[Entries taken from a collection]
------------------------------------------------------------------------
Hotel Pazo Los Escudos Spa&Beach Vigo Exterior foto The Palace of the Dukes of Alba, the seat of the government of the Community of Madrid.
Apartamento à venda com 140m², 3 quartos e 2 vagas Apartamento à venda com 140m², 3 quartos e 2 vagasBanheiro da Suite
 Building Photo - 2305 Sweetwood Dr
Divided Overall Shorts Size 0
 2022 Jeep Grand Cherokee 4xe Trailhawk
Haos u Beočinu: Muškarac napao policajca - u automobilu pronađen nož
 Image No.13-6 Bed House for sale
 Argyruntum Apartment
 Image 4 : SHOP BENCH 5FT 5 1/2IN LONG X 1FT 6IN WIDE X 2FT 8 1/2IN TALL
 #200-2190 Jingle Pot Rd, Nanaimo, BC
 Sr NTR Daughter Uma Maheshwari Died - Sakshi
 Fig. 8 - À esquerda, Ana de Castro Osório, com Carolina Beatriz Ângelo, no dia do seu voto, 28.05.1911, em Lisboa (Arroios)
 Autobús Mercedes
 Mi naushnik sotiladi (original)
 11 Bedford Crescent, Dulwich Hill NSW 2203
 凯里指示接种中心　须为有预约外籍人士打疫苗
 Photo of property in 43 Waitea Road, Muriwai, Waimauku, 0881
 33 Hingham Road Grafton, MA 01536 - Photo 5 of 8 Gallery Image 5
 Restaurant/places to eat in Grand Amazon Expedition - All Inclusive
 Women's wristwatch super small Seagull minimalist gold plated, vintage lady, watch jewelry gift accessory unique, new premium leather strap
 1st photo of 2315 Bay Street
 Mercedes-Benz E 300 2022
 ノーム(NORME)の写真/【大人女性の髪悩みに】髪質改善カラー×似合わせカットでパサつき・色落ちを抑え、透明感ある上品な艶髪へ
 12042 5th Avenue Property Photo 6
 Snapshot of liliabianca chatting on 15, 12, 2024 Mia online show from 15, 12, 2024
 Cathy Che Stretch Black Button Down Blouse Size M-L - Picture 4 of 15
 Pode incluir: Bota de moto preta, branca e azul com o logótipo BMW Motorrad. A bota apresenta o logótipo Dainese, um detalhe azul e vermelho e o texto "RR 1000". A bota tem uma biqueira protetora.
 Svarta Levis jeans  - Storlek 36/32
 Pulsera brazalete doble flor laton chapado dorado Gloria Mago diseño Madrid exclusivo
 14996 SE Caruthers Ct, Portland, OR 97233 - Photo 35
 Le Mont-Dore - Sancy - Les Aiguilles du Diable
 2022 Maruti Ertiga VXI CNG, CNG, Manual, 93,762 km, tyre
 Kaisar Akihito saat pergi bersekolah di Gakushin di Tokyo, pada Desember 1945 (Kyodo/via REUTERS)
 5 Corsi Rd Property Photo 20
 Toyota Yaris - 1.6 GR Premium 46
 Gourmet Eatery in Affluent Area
------------------------------------------------------------------------
#### Work request
Look through the entries above and count each line holding "Size"; report the count alone.

#### Task output
2